What you should do: Give back the entire listing below, unaltered.

Source records:
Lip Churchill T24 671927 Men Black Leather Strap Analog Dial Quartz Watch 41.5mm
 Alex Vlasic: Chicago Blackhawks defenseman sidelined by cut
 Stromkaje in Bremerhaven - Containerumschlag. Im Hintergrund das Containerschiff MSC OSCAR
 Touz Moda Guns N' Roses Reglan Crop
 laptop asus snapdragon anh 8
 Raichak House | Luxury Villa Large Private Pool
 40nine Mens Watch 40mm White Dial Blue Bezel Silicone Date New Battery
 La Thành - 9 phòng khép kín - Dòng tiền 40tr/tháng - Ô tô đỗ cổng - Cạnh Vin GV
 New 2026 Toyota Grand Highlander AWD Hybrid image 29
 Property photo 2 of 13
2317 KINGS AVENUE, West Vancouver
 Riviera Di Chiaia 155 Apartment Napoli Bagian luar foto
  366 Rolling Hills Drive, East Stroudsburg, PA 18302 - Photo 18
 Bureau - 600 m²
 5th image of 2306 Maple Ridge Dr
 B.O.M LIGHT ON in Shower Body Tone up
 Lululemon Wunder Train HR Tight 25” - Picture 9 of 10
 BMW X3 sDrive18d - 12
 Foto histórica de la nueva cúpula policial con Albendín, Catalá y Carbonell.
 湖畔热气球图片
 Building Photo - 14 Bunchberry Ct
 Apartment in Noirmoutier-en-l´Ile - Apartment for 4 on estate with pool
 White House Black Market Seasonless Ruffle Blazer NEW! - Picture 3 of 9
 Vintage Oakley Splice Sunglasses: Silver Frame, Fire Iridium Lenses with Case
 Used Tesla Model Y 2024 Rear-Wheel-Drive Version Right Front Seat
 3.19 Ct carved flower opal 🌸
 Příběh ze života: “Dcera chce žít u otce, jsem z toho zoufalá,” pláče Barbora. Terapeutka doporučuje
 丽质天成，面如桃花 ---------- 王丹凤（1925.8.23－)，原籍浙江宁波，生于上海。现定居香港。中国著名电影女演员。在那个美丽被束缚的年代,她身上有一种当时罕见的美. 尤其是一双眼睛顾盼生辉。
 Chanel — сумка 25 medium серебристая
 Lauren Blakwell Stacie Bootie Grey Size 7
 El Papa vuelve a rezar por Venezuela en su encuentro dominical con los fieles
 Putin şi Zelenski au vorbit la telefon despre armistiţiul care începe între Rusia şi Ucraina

Task output:
Lip Churchill T24 671927 Men Black Leather Strap Analog Dial Quartz Watch 41.5mm
 Alex Vlasic: Chicago Blackhawks defenseman sidelined by cut
 Stromkaje in Bremerhaven - Containerumschlag. Im Hintergrund das Containerschiff MSC OSCAR
 Touz Moda Guns N' Roses Reglan Crop
 laptop asus snapdragon anh 8
 Raichak House | Luxury Villa Large Private Pool
 40nine Mens Watch 40mm White Dial Blue Bezel Silicone Date New Battery
 La Thành - 9 phòng khép kín - Dòng tiền 40tr/tháng - Ô tô đỗ cổng - Cạnh Vin GV
 New 2026 Toyota Grand Highlander AWD Hybrid image 29
 Property photo 2 of 13
2317 KINGS AVENUE, West Vancouver
 Riviera Di Chiaia 155 Apartment Napoli Bagian luar foto
  366 Rolling Hills Drive, East Stroudsburg, PA 18302 - Photo 18
 Bureau - 600 m²
 5th image of 2306 Maple Ridge Dr
 B.O.M LIGHT ON in Shower Body Tone up
 Lululemon Wunder Train HR Tight 25” - Picture 9 of 10
 BMW X3 sDrive18d - 12
 Foto histórica de la nueva cúpula policial con Albendín, Catalá y Carbonell.
 湖畔热气球图片
 Building Photo - 14 Bunchberry Ct
 Apartment in Noirmoutier-en-l´Ile - Apartment for 4 on estate with pool
 White House Black Market Seasonless Ruffle Blazer NEW! - Picture 3 of 9
 Vintage Oakley Splice Sunglasses: Silver Frame, Fire Iridium Lenses with Case
 Used Tesla Model Y 2024 Rear-Wheel-Drive Version Right Front Seat
 3.19 Ct carved flower opal 🌸
 Příběh ze života: “Dcera chce žít u otce, jsem z toho zoufalá,” pláče Barbora. Terapeutka doporučuje
 丽质天成，面如桃花 ---------- 王丹凤（1925.8.23－)，原籍浙江宁波，生于上海。现定居香港。中国著名电影女演员。在那个美丽被束缚的年代,她身上有一种当时罕见的美. 尤其是一双眼睛顾盼生辉。
 Chanel — сумка 25 medium серебристая
 Lauren Blakwell Stacie Bootie Grey Size 7
 El Papa vuelve a rezar por Venezuela en su encuentro dominical con los fieles
 Putin şi Zelenski au vorbit la telefon despre armistiţiul care începe între Rusia şi Ucraina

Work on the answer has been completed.